Dans un communiqué publié mercredi, l’Union africaine (UA) a déclaré qu’elle souhaitait voir un Africain prendre la direction du Fonds monétaire international (FMI). Elle précise qu’« il est temps à présent pour un non-Européen d’être à la tête du FMI », estimant qu’« il est devenu nécessaire de mettre un terme à l’accord informel selon lequel le directeur du FMI devrait être Européen ».

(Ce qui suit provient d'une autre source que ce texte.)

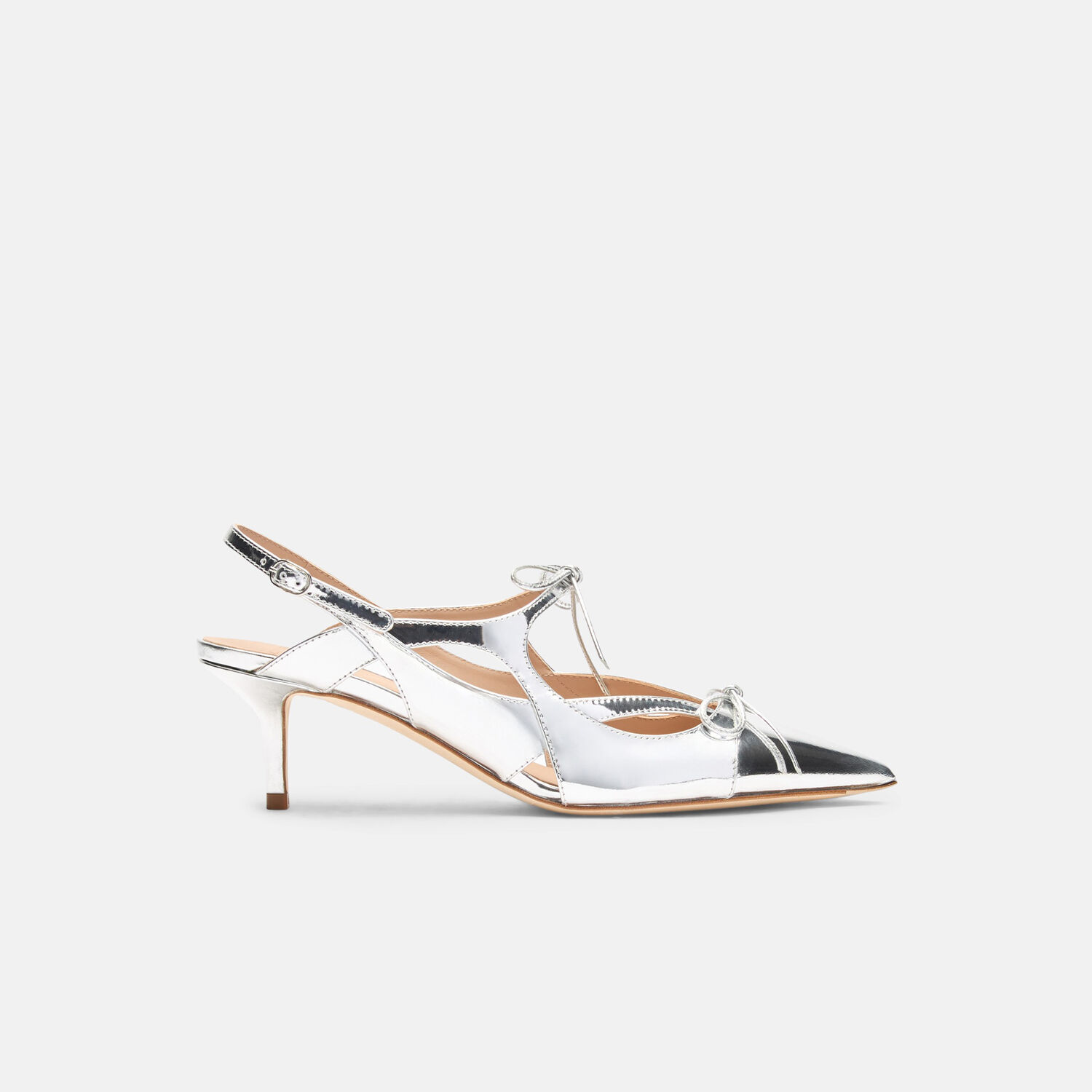 Shop Scarosso Cinderella In Silver - Laminated Calf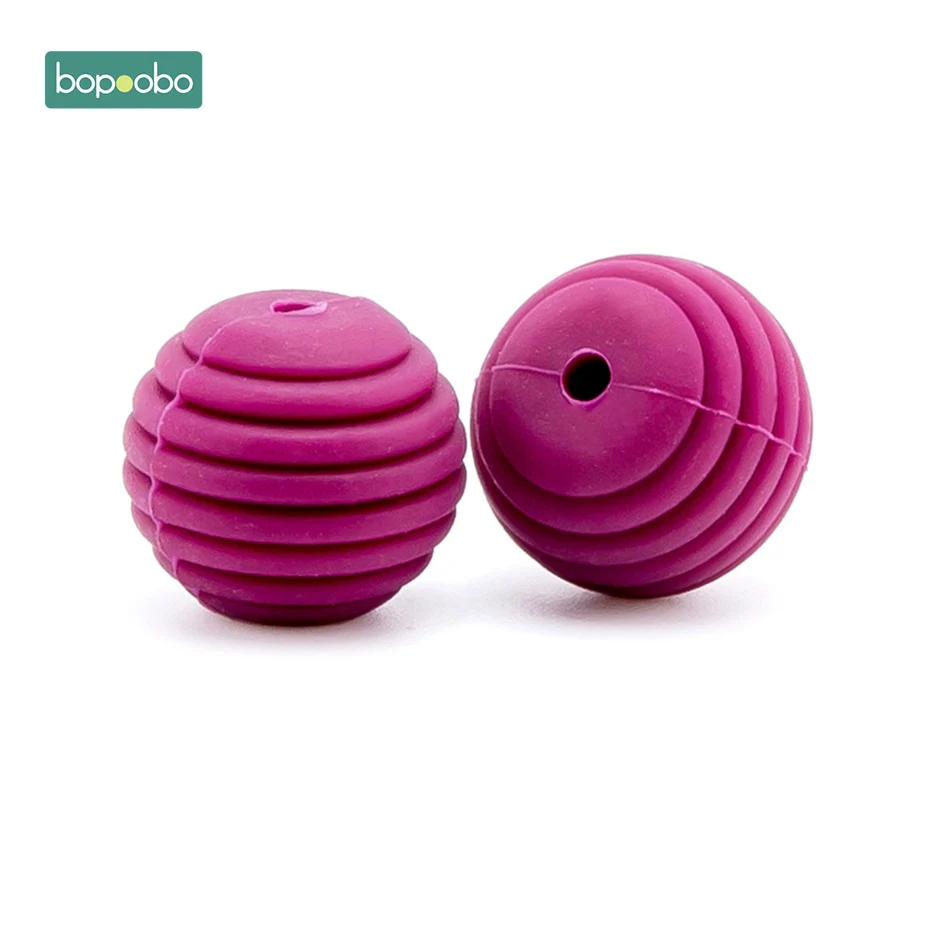 Red Wine Bopoobo 100 шт 15 мм BPA бесплатно силиконовые спиральные бусины пищевого качества силиконовые сотовые бусины Детские Силиконовые жемчужные крошечные стержни для детей - Цвет: Red Wine
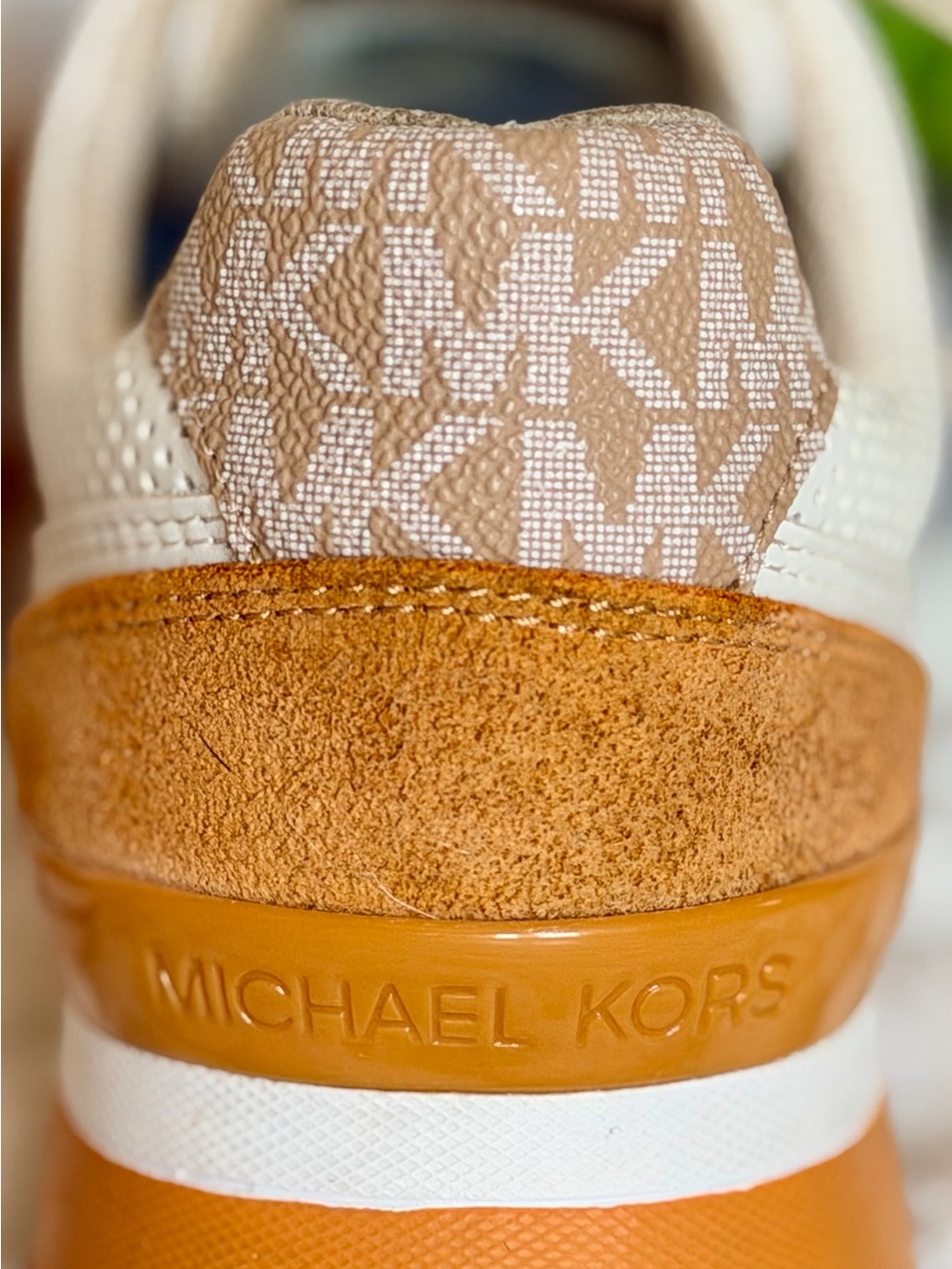 Michael Kors Women's Cream and Tan Leather Perforated Lace-Up Sneakers - Picture 4 of 7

Depuis sa fondation en 1945, le FMI a toujours été dirigé par un Européen en vertu d’une règle non écrite. C’est la première fois depuis l’annonce de la démission de Dominique Strauss-Kahn – accusé de crimes sexuels aux États-Unis - que l’Union africaine demande aussi ouvertement la fin de ce consensus pro-Européen. « Sélectionner un non-Européen, et plus particulièrement quelqu’un issu d’un pays en voie de développement, permettrait d’amplifier la voix et la représentation de ces pays au sein du FMI », a insisté l’UA.

Choisir son camp

Le cycle de dépôt des candidatures à la direction générale du FMI se clôture ce vendredi. D’ici le 30 juin, le Conseil d’administration de l’organisation va devoir choisir son nouveau directeur parmi les candidats en lice. Christine Lagarde, ministre française de l’Économie et des Finances, semble bien placée pour succéder à Dominique Strauss-Kahn, mais le directeur de la Banque centrale du Mexique, Agustin Carstens se veut, lui, la voix des pays émergents. Le troisième postulant est Grigori Marchenko, directeur de la Banque centrale kazakhe.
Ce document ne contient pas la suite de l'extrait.